'''
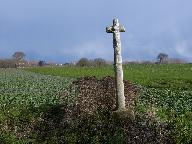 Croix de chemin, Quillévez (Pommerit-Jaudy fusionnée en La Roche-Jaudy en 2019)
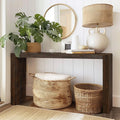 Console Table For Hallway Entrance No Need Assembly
'''
'''
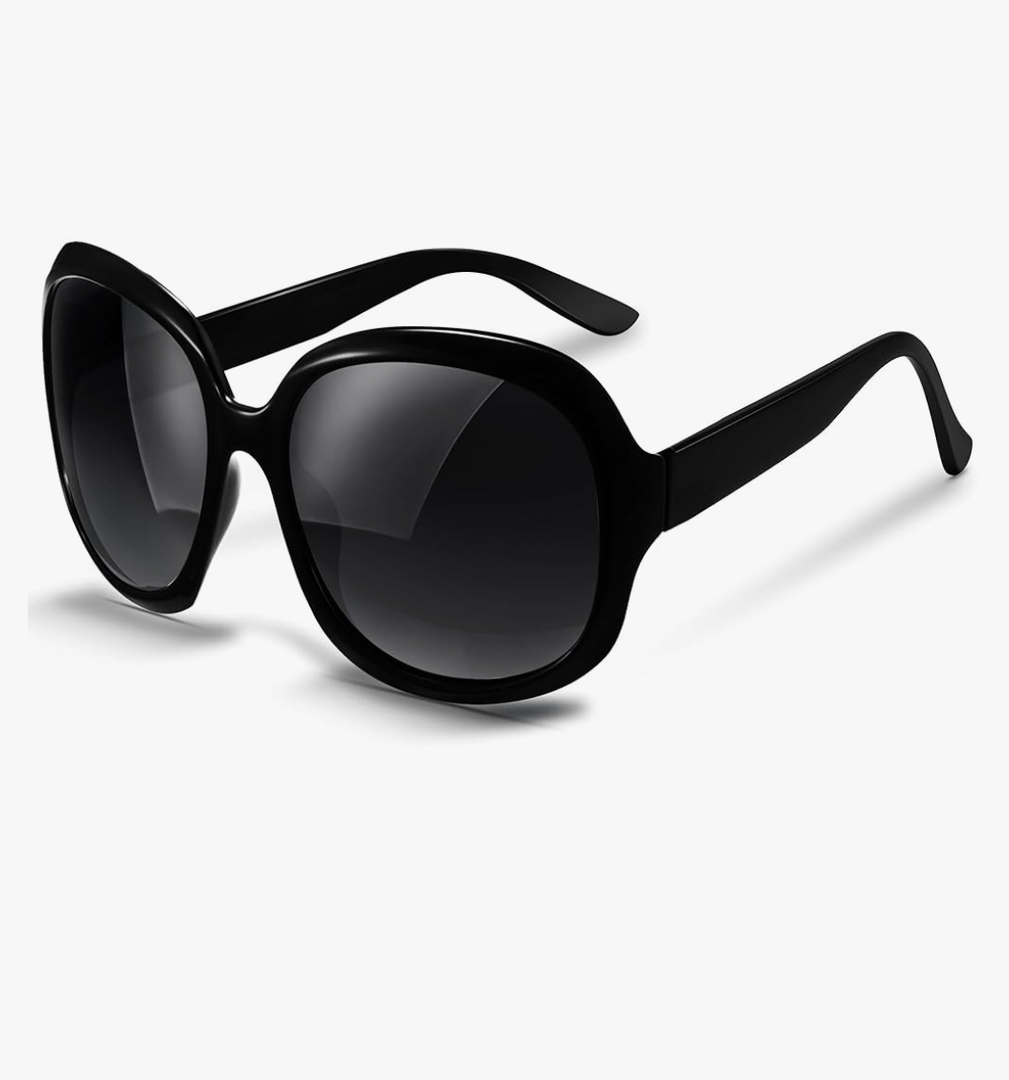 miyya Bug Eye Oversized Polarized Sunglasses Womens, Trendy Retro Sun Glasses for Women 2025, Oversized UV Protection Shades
'''
Task instructions >> Above are some records. Reproduce the lines from the one with "Croix de chemin, Quillévez" down to the one with "Console Table For", keeping both, and leave every picture out.

Task response >>
 Croix de chemin, Quillévez (Pommerit-Jaudy fusionnée en La Roche-Jaudy en 2019)
 Console Table For Hallway Entrance No Need Assembly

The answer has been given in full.